Wojskowy uważa, że "wrogie działania Chin pozostają w sprzeczności z wcześniejszymi zapewnieniami prezydenta tego kraju Xi Jinpinga". Polityk wcześniej deklarował bowiem, że Chiny nie zamierzają przekształcić sztucznych wysp w bazy wojskowe.

Chiny roszczą sobie jednak prawa do niemal całego Morza Południowochińskiego. Statki marynarki wojennej i straży przybrzeżnej tego kraju stale są obecne na terenie akwenu.

Chiny prężą militarne muskuły

To prężenie muskuł militarnych przez Chiny - uważa Aquilino.

Myślę, że w ciągu ostatnich 20 lat byliśmy świadkami największej rozbudowy militarnej Chin od czasów II wojny światowej.
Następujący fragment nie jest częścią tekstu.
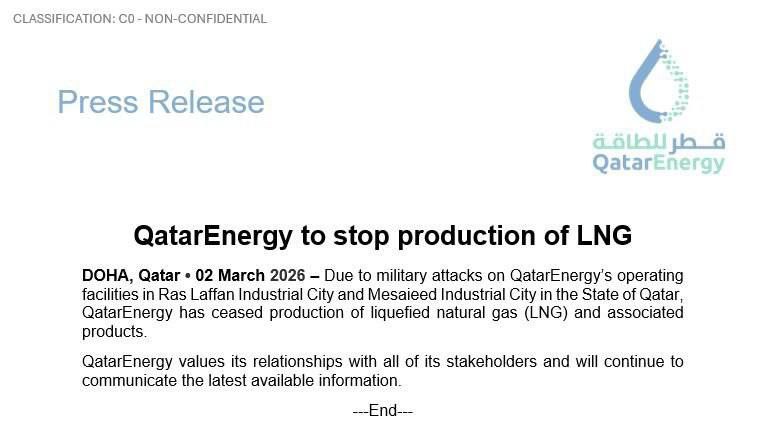 卡塔尔能源宣布暂停天然气生产欧洲基准天然气价格涨幅一度扩大至30%以上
Oni (Chiny - przyp. red.) rozwinęli wszystkie swoje zdolności, ale nagromadzenie uzbrojenia destabilizuje region - zaznacza wojskowy.

Pekin oficjalnie nie skomentował amerykańskich doniesień. Władze Chin utrzymują, że profil wojskowy tego kraju jest czysto defensywny.
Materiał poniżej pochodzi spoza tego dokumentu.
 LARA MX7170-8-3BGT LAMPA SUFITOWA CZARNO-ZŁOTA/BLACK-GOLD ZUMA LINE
AP wskazuje jednak, że ChRL dysponuje już drugim co do wielkości po Stanach Zjednoczonych budżetem obronnym na świecie. Pekin cały czas modernizuje swoje systemy uzbrojenia w tym myśliwce J-20, pociski hipersoniczne, a także dwa lotniskowce - trzeci jest w budowie.

Rzeczniczka prasowa Białego Domu Jen Psaki zapytana o doniesienia o zmilitaryzowaniu wysp przez Chiny przyznała, że "wszelka eskalacja na Morzu Południowochińskim byłaby dla USA niepokojąca".